◆ Exercise directions ◆
Reproduce exactly the line containing "Boat Nelayan Rusak" and each line after it until the listing ends, leaving pictures out.

◆ Data ◆

____

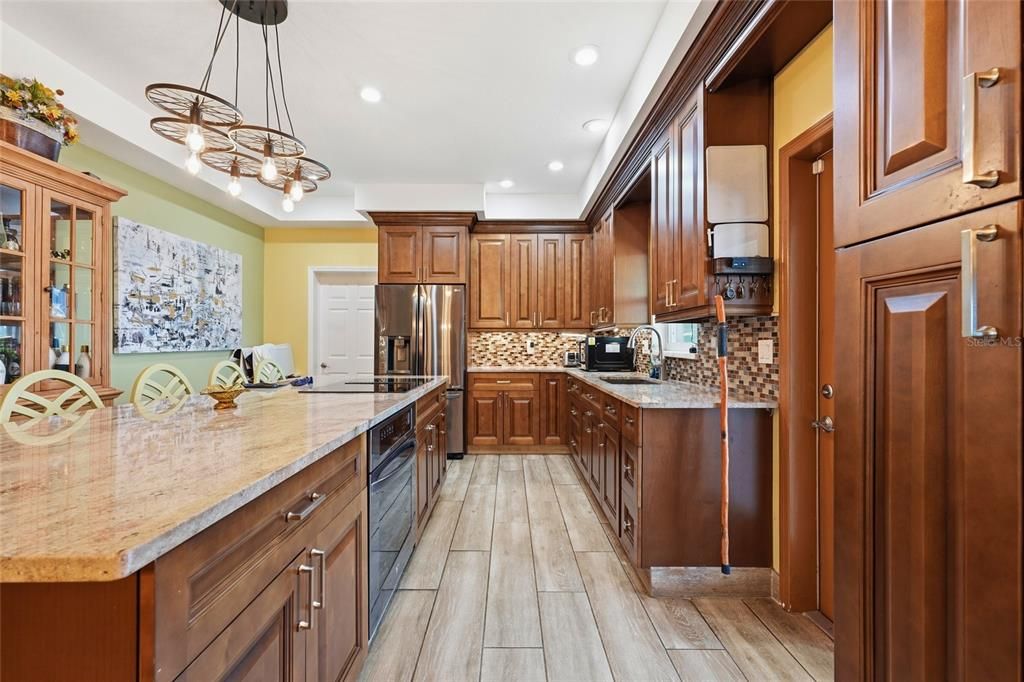 En Venta: $999,500 (3 camas, 3 baños, 2644 Pies cuadrados)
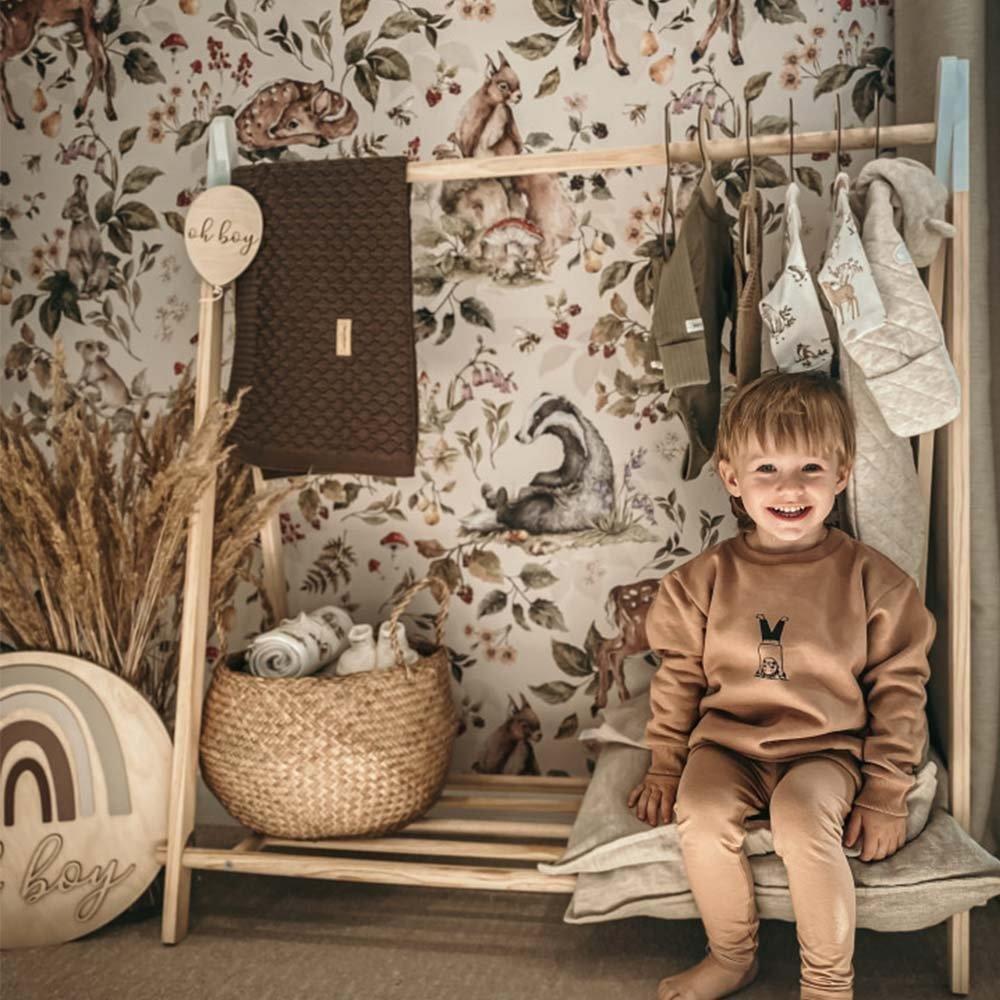 Janie and Jack Cute Forest Animals Light Wallpaper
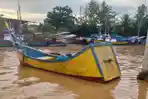 Boat Nelayan Rusak Diduga Terjerat Tali Jangkar Kapal Batu Bara di Perairan Meulaboh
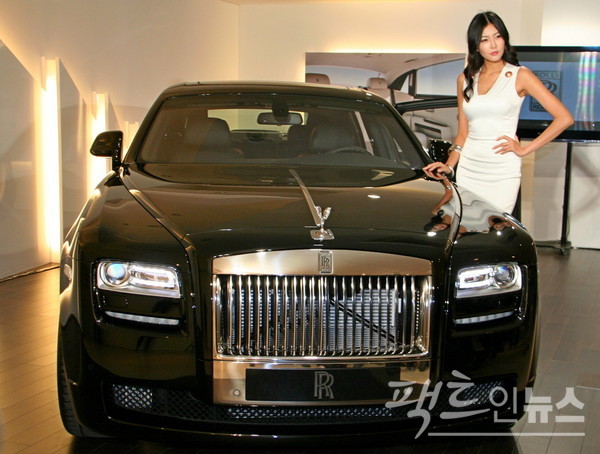 극중 정학의 아버지 정식이 롤스로이스를 타면서 롤스로이스 환희의 여신상 엠블럼과 그리스 파르테논 신전의 기둥을 형상화한 라디에이터그릴이 자주 등장한다. 롤스로이스 고스트. [사진=정수남 기자]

____

◆ Reply to the task ◆
 Boat Nelayan Rusak Diduga Terjerat Tali Jangkar Kapal Batu Bara di Perairan Meulaboh
 극중 정학의 아버지 정식이 롤스로이스를 타면서 롤스로이스 환희의 여신상 엠블럼과 그리스 파르테논 신전의 기둥을 형상화한 라디에이터그릴이 자주 등장한다. 롤스로이스 고스트. [사진=정수남 기자]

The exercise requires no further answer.